Now, it is quite possible that this algoritm is so fast that it can linearize larger clusters optimally in the time that ancestor sort + LIMO may need for smaller ones. That would obviously move the needle. Or if it’s possible that a reasonable argument can be made that a time-bounded version of this algorithm (only performing a lower-than-optimal number of cuts, for example, and then stopping) results in something that is practically as good as ancestor-sort (e.g., sufficient to make CPFP in typical, but potentially adverserial, scenarios work).

That’s a concern, because we don’t just care about asymptotic complexity, but real performance for relatively small problems too. And complicated algorithms, with complicated data structures, tend to result in things with high start-up costs (to convert the problem into the right representation), or with high constant factors (e.g., for some small problems, (sorted) lists can be several times faster than hash maps).

This is probably the point where I should reveal that we’ve been working on a new cluster linearization algorithm too (which I will write a bigger post about in time). It’s a result of a conversation we had at the Bitcoin Research Week, where Dongning Guo and Aviv Zohar pointed out that the “find highest-feerate topologically-valid subset” problem can be formulated as a Linear Programming problem, on which all LP solving methods are applicable. This implies two things:

Through Interior-Point Methods, the problem can be solved in O((n+m)^{2.5} \log S) time, where S is the sum of transaction sizes, or essentially O(n^5) in just n.
The simplex algorithm, while worst-case exponential in the general case but practically very fast, becomes applicable. And it is possible that for our specific problem, these exponential cases don’t exist as well.

Inspired by this last point, by observing what the simplex algorithm “steps” translate to in our problem space, in terms of sets and fees and feerates rather than matrix row-operations, removing some apparently useless transitions, and observing that it effectively finds a full linearization rather than just a single topologically-valid highest-feerate subset, we obtain the following:

Input: n transactions with fees and sizes, and m dependencies between them (as (parent, child) pairs).
Output: a list of sets (the chunks), forming a graph partition, with all the consecutive highest-feerate topologically-valid subsets of what remains after the previous ones.
Algorithm:
- For every dependency, have a boolean “active”; initially all dependencies are inactive.
  - These partition the graph into components (when two transactions are reachable from one another by travelling only over active dependencies, up or down, they are in the same component).
  - Thus, the initial state has every transaction in its own singleton component.
  - As an additional invariant, no (undirected) cycles of active dependencies are allowed, so the component’s active dependencies form a spanning tree for that component.

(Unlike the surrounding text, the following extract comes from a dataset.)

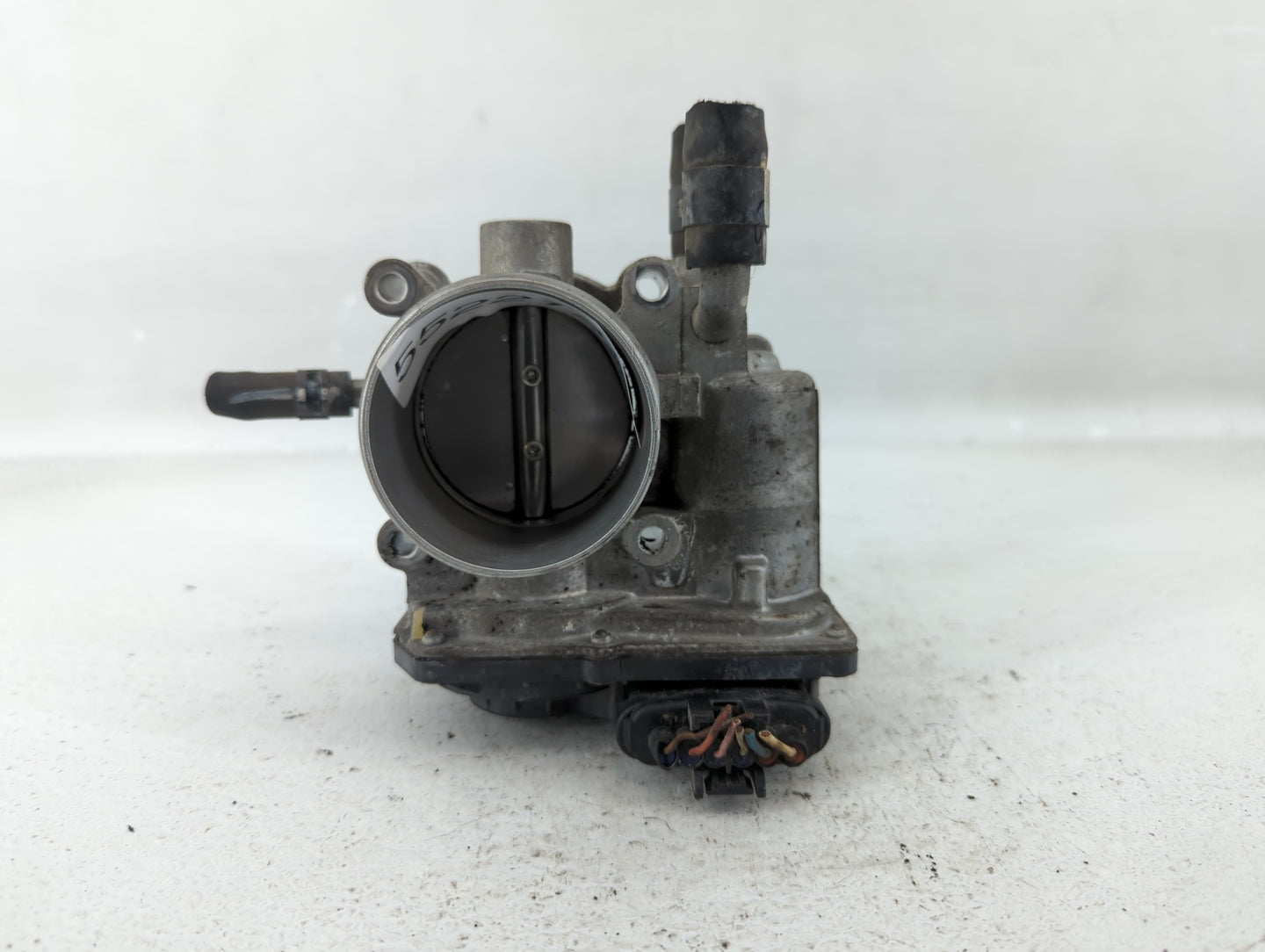 2012-2019 Hyundai Accent Throttle Body P/N:35100-2B300 Fits Fits 2012 2013 2014 2015 2016 2017 2018 2019 OEM Used Auto Parts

The entire state can thus be described as an (undirected) spanning forest, which is a subgraph of the problem graph.
- Keep performing any of the following steps as long as any apply:
  - If a dependency is inactive, and is between two distinct components, and the “child” component has higher feerate than the “parent” component, make it active.
  - If a dependency is active, and making it inactive would split the component it is in in two components (due to no-cycles property, this is true for every active dependency), where the parent component has higher feerate than the child component, make it inactive.
- Finally, output all the component in decreasing feerate order.

This appears to be very fast in practice, and easy to implement. Further, it can be proven that if it terminates, the result is indeed an optimal linearization. However, we don’t have a proof it always terminates, and certainly no bound on its runtime. A lot seems to depend on the policy on how to pick which dependency to make active or inactive in every step, but this needs a lot more investigation.